The Shallows Blu-ray review

This brisk and brutal survival thriller impresses with its stripped-down, back-to-basics approach

Since time immemorial (well, 1975) Hollywood has been obsessed with making movies about people being eaten by sharks. The past decade, in particular, has seen the predatory piscine sub-genre go into overdrive, thanks largely to the availability of low-cost digital effects. But in a world of gimmicky fish flicks like Shark in Venice and Ghost Shark, slick survival movie The Shallows is a breath of salty air.

The film stars Blake Lively as Nancy, a holidaying medical student who goes surfing at a secluded beach. Before long, she's attacked by a great white shark and finds herself stranded on rocks a couple of hundred yards from shore. And that's basically all there is to it (give or take a rusty buoy, an injured seagull and a rotting whale carcass).

Stripping away all of the unnecessary excesses that have come to typify the killer shark film, The Shallows is able to focus in on the key ingredients: an attractive girl in a bikini and a hungry aquatic beast. In doing so it serves up a truly primal story of (wo)man vs nature.

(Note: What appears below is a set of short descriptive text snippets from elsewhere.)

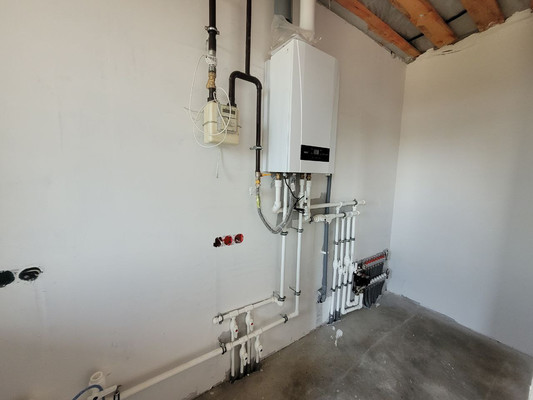 Продам дом, Тимонино д, 0 км от города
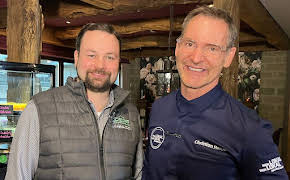 Mein Lokal, Dein Lokal - Der Profi kommt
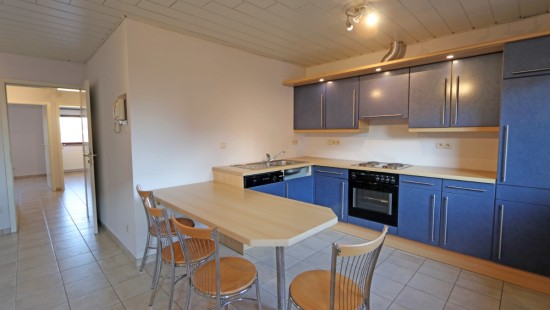 Pakenstraat - 4 - 4 - 3001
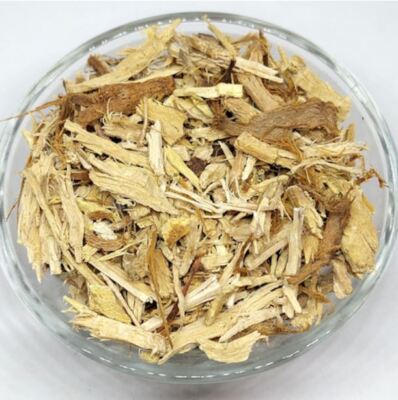 ROSEHIPS ROOT Tea Rosa Canina 100% Natural Dried Herb Tea 50g - 500g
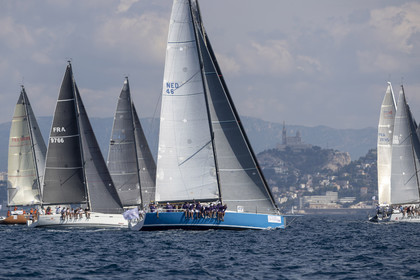 18JC2872.jpg
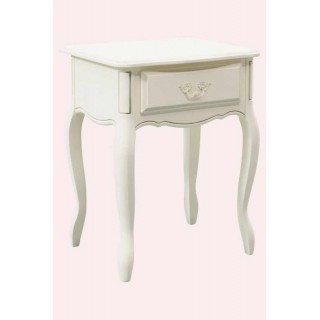 Laura ashley shop provencale furniture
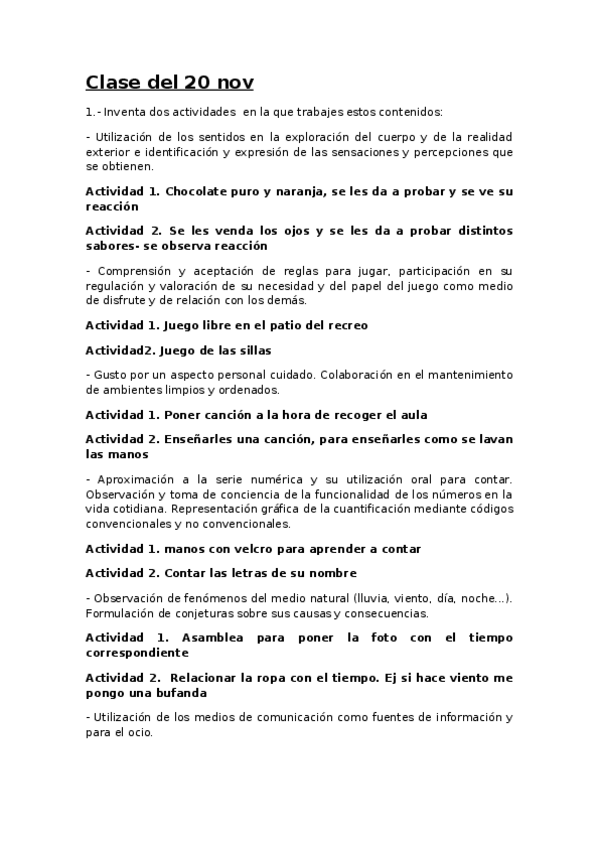Miniatura del documento 20 NOV.docx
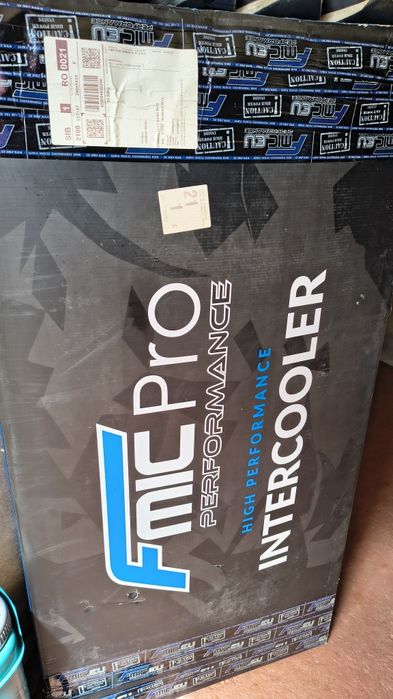 Carcasa filtru aer,debitmetru Volkswagen T6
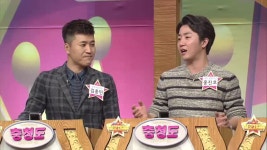 [5회 비공개 컷] 랩퍼 딘딘의 미발표 자작곡 ‘Mr.wow’ 최초 공개! - 곰TV [5회 비공개 컷] 랩퍼 딘딘의 미발표 자작곡 ‘Mr.wow’ 최초... 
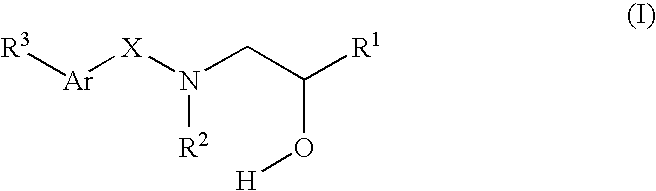 Compounds Which Modulate The CB2 Receptor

Blake Lively deserves plenty of praise for a gutsy performance that sees her transition from battered and bruised shark attack survivor to marine MacGuyver. However, the real star is director Jaume Collet-Sera, until now best known for helming a trio of enjoyable Liam Neeson thrillers (Unknown, Non-Stop and Run All Night). Bringing the same visceral energy and stylistic verve to The Shallows as he did to those films, Collet-Sera transforms what would otherwise have been a trashy exploitation movie into a genuinely thrilling and beautiful piece of cinematic entertainment.

Picture: Thanks to its lush tropical setting and crisp digital photography, The Shallows swims onto BD with a gorgeous 2.40:1-framed 1080p transfer.

From aquatic blues to deep crimson reds, the colour palette is beautifully saturated, while black levels are rock solid. Fine detailing also impresses, with close-ups of Nancy's wet suit revealing a wealth of textures. Indeed, outside of a few brief bursts of in-film footage shot by a surfer's GoPro camera, The Shallows delivers reference-quality imagery from start to end.
Picture rating: 5/5

Audio: The film's DTS-HD MA 5.1 mix is an atmospheric affair that is kept busy throughout with the sound of the sea lapping around you. Naturally, things get much more dynamic during the action set-pieces, lending the shark attacks considerable aural support. Meanwhile, music and dialogue are prioritised in the mix and are reproduced flawlessly.
Audio rating: 4.5/5

Extras: In addition to three deleted scenes and three Making of… featurettes – Shooting in The Shallows (six minutes), How to Build a Shark (seven minutes) and Finding the Perfect Beach: Lord Howe Island (six minutes) – Sony's HD platter includes a short video talking to a real-life shark attack survivor. A film this entertaining deserves better.
Extras rating: 2/5

We say: A stunning HD presentation of a killer survival flick. Shame about the lack of extras, though.